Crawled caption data
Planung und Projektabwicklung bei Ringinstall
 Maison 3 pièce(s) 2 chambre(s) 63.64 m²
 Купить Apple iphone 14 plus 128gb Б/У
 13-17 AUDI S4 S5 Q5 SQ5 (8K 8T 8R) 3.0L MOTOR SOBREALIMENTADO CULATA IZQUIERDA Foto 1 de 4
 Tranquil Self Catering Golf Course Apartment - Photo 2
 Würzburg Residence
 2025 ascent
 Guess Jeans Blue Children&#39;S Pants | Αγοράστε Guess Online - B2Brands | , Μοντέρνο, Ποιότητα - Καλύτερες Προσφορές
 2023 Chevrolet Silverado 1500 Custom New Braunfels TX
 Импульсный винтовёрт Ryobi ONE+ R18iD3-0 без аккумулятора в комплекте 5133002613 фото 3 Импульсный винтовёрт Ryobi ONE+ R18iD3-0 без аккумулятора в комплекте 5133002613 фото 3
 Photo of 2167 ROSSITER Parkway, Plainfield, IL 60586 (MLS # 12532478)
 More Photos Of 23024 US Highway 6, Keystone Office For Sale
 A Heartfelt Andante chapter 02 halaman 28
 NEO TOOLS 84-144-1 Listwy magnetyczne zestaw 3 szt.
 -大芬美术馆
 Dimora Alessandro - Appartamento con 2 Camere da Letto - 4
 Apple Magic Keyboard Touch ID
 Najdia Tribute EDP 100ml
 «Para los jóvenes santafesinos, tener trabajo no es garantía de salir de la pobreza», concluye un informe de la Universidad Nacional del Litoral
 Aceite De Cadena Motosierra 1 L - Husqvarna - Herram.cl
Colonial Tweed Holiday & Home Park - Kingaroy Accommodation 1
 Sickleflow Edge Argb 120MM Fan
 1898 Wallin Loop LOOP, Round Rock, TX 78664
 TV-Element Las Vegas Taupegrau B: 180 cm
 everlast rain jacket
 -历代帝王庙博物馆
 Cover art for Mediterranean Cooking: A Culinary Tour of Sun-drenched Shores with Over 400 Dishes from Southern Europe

**PROBLEM STATEMENT**
Copy every line above that includes the string "Apple".

**ANSWER TO THIS PROBLEM**
 Купить Apple iphone 14 plus 128gb Б/У
 Apple Magic Keyboard Touch ID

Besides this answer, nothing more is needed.